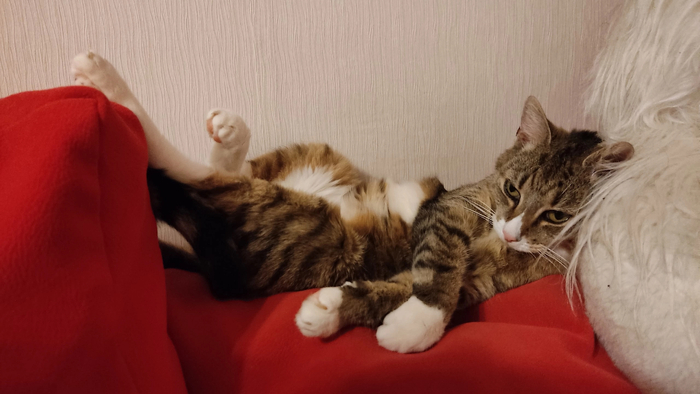 Что может быть соблазнительнее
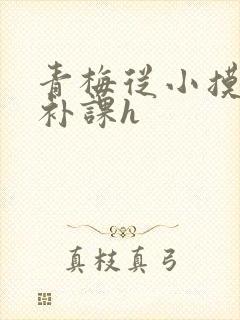 青梅从小摸到大补课h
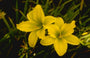 Daglelie - Hemerocallis 'Green Flutter'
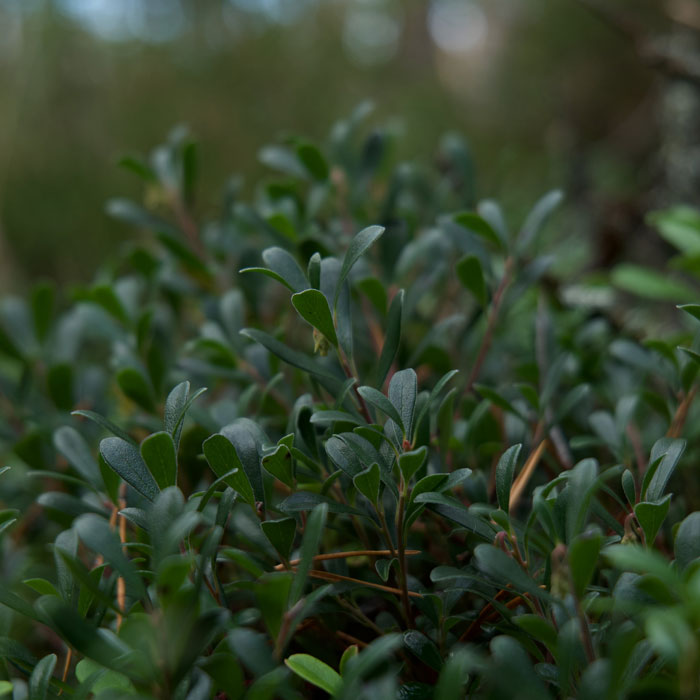Photography of Common Purslane (Portulaca oleracea).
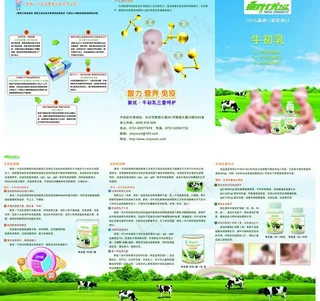 牛初乳三折页图片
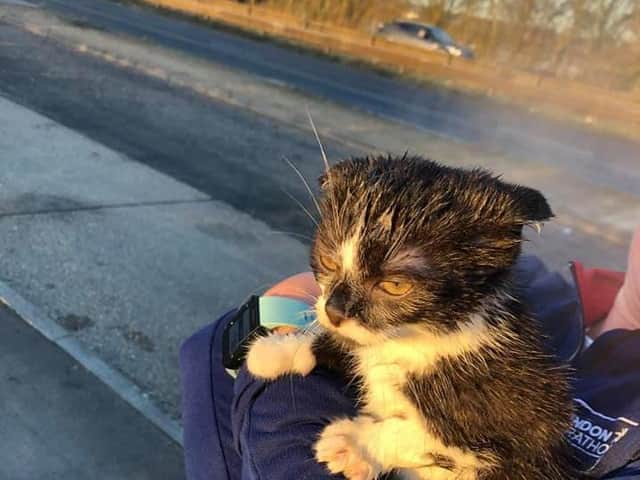 A kitten was found in bin bags by Stanwick Lakes yesterday morning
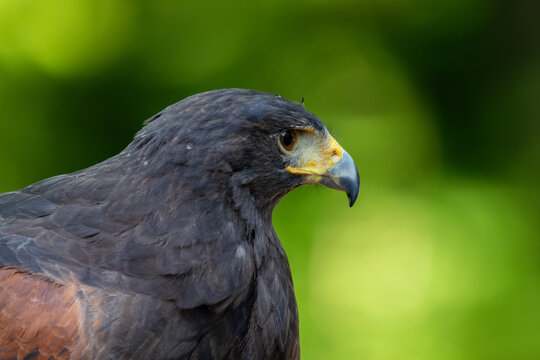 View of a Harris's hawk in profile with dark plumage and a sharp beak against a blurred green forest background in Selestat, Grand Est, France.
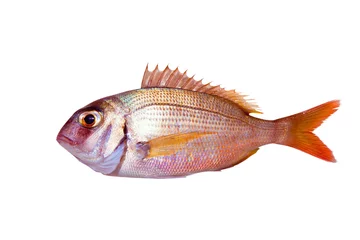 Crédence de cuisine en verre imprimé Pêcher Common sea bream pagrus fish isolated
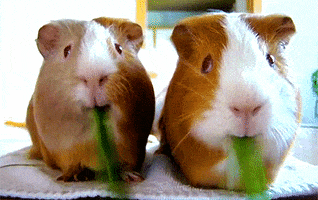 guinea pigs GIF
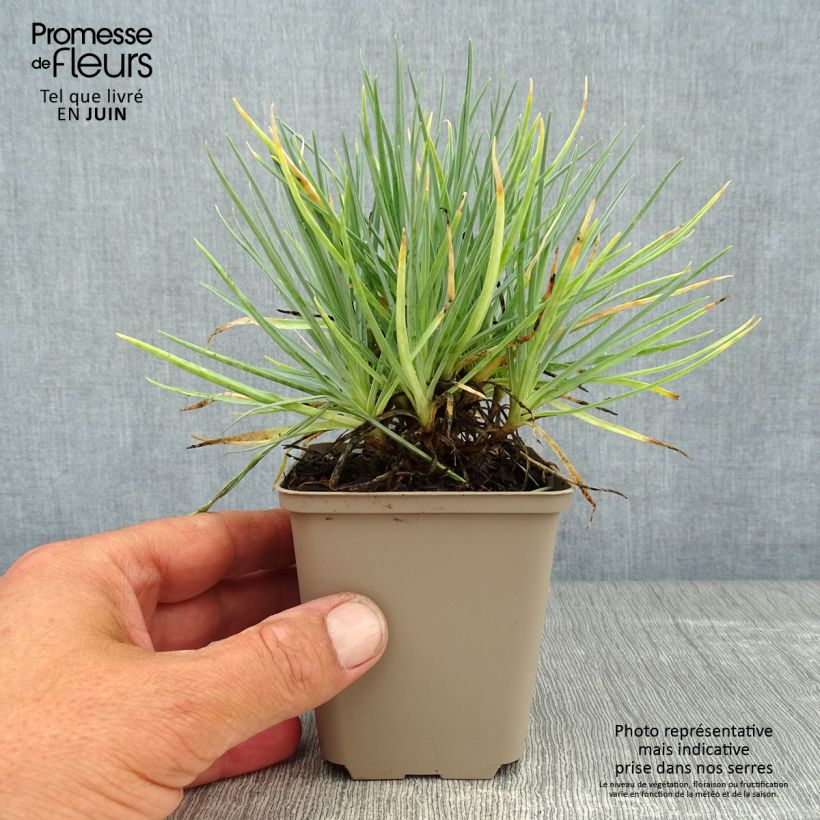 Ejemplar de Clavel coronado Doris - Dianthus plumarius Maceta de 8/9 cm entregado en verano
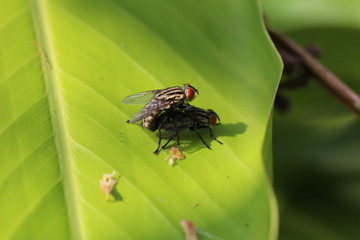 Fliegen bei der Paarung
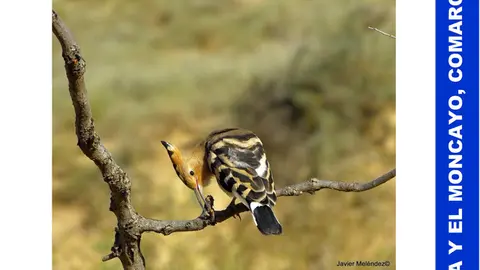 Taller fotogr&aacute;fico de naturaleza en Torrellas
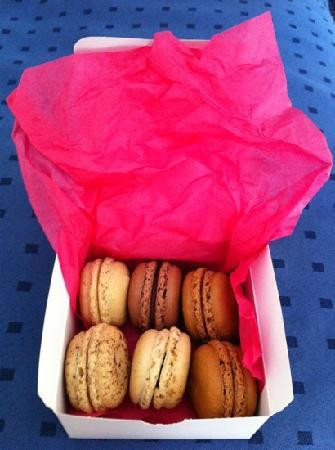 Le Macaron-萨拉索塔必去景点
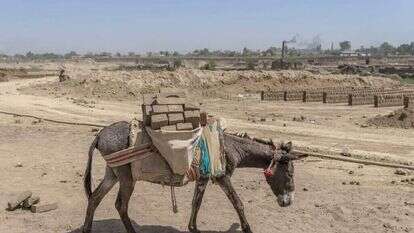פקיסטן. | EPA פקיסטן. | EPA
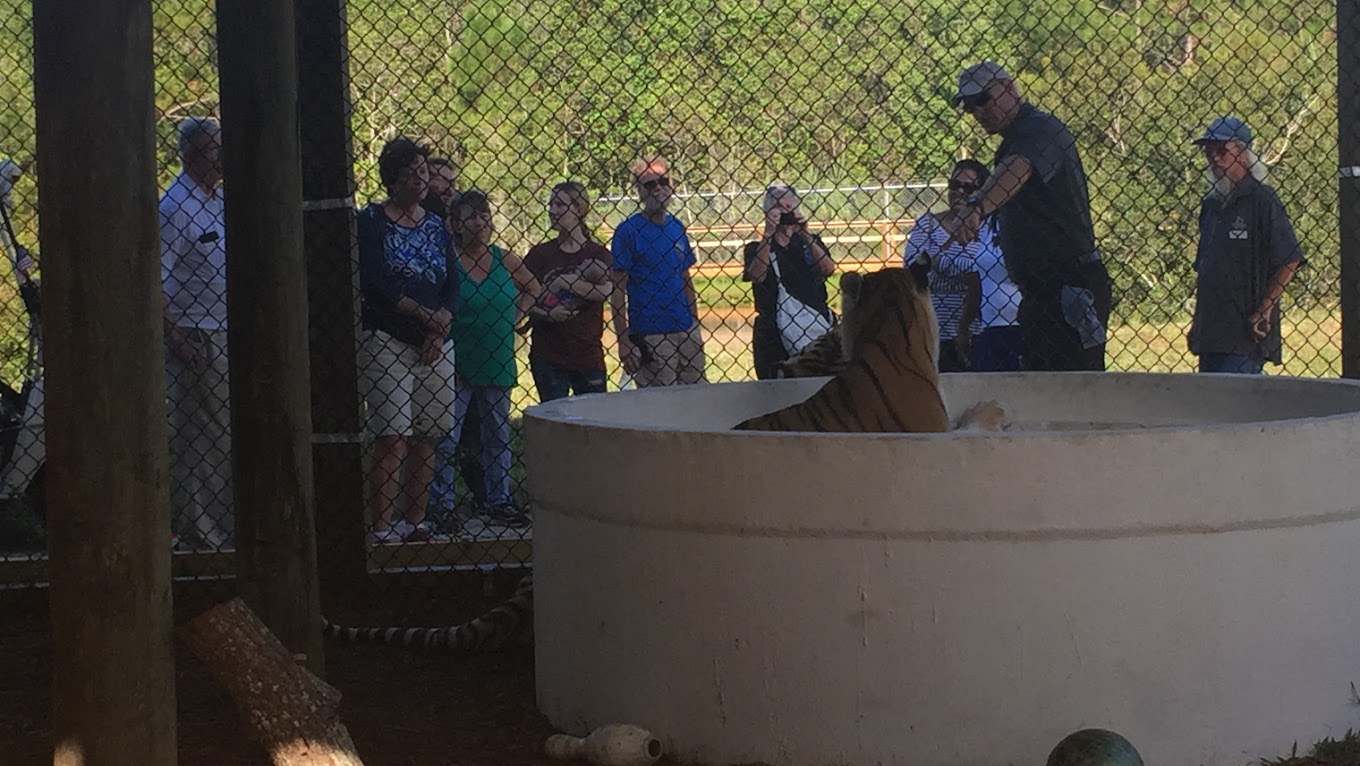 Central Florida Animal Reserve, Saint Cloud Travel | Zoo and Wildlife Sanctuary 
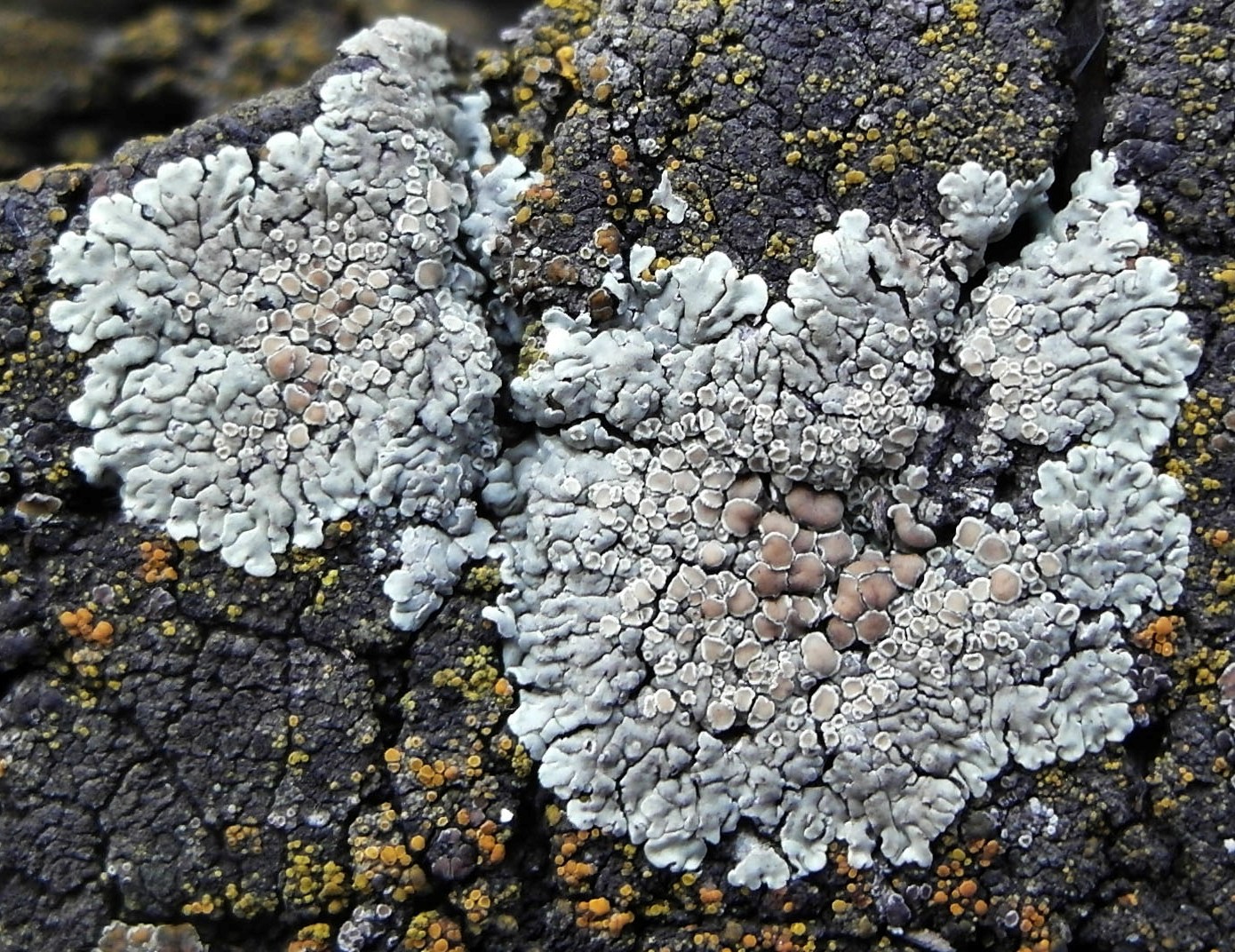 Изображение особи Lecanora muralis.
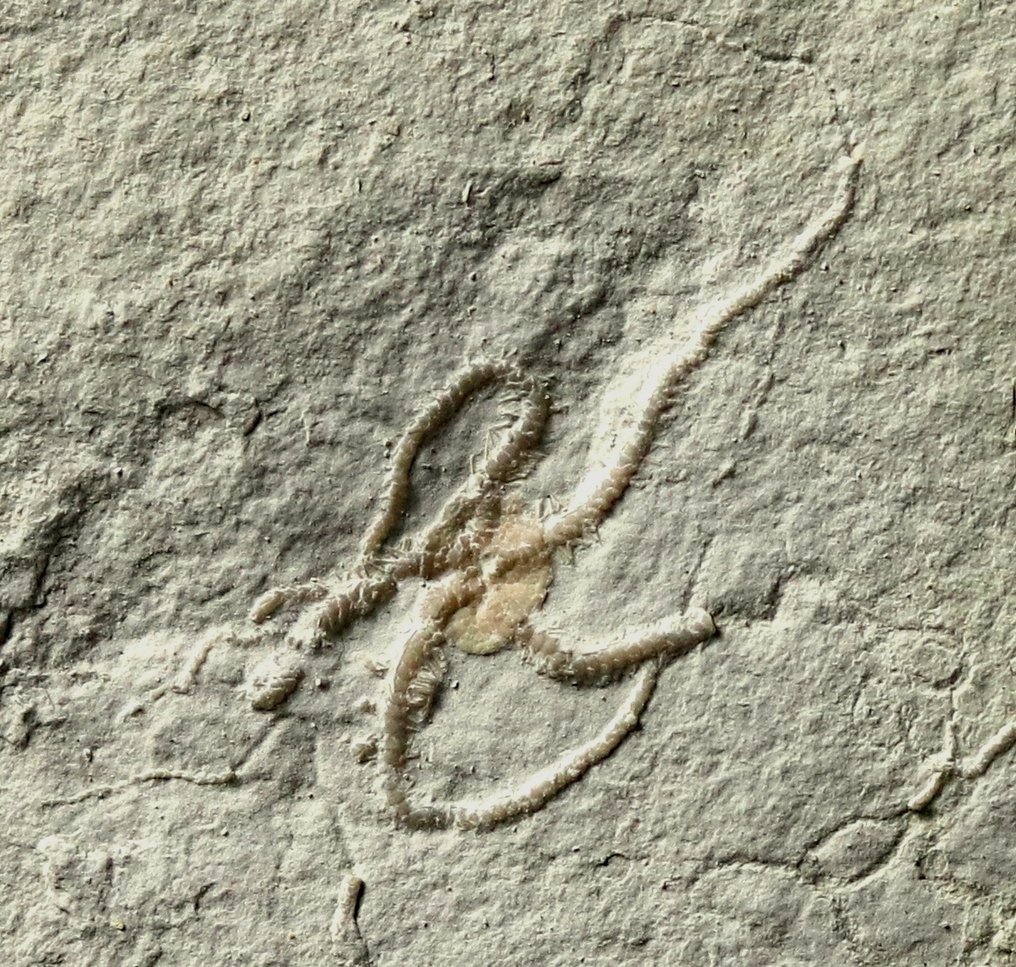 Uitstekende fossiele zeester - Natuurlijk - Gefossiliseerd dier - Ophiopetra lithographica - 11 cm - 12.2 cm  (Zonder Minimumprijs) #1.0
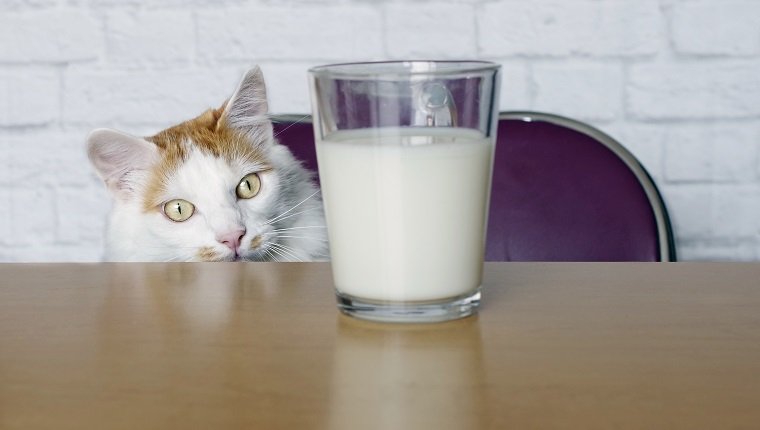 Cute longhair cat look curious to a cup of milk.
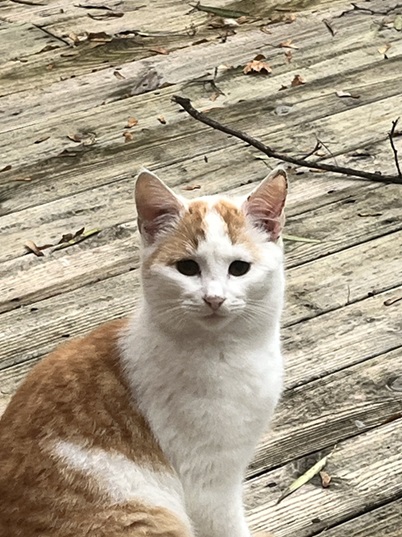 orng cat deck.jpg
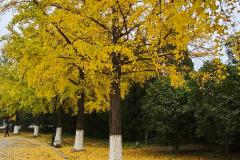 家里种银杏树好不好对风水有什么影响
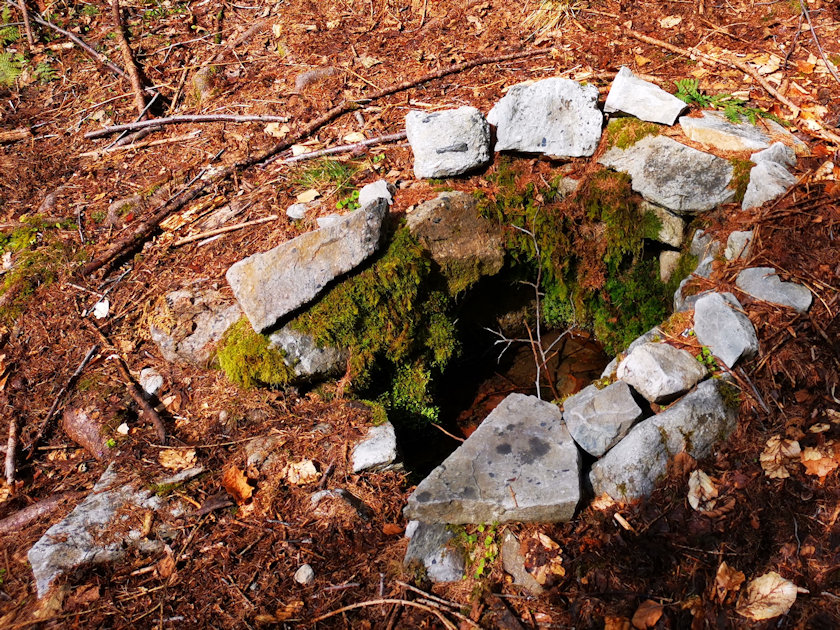 Partyzánská studánka (3178) - duben 2021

################

**Brief**.
The data should be printed again unchanged; leave its pictures out.

**Exercise response**.
 Что может быть соблазнительнее
 青梅从小摸到大补课h
 Daglelie - Hemerocallis 'Green Flutter'
Photography of Common Purslane (Portulaca oleracea).
 牛初乳三折页图片
 A kitten was found in bin bags by Stanwick Lakes yesterday morning
 View of a Harris's hawk in profile with dark plumage and a sharp beak against a blurred green forest background in Selestat, Grand Est, France.
 Crédence de cuisine en verre imprimé Pêcher Common sea bream pagrus fish isolated
 guinea pigs GIF
 Ejemplar de Clavel coronado Doris - Dianthus plumarius Maceta de 8/9 cm entregado en verano
 Fliegen bei der Paarung
 Taller fotogr&aacute;fico de naturaleza en Torrellas
 Le Macaron-萨拉索塔必去景点
פקיסטן. | EPA פקיסטן. | EPA
 Central Florida Animal Reserve, Saint Cloud Travel | Zoo and Wildlife Sanctuary 
 Изображение особи Lecanora muralis.
 Uitstekende fossiele zeester - Natuurlijk - Gefossiliseerd dier - Ophiopetra lithographica - 11 cm - 12.2 cm  (Zonder Minimumprijs) #1.0
 Cute longhair cat look curious to a cup of milk.
 orng cat deck.jpg
 家里种银杏树好不好对风水有什么影响
 Partyzánská studánka (3178) - duben 2021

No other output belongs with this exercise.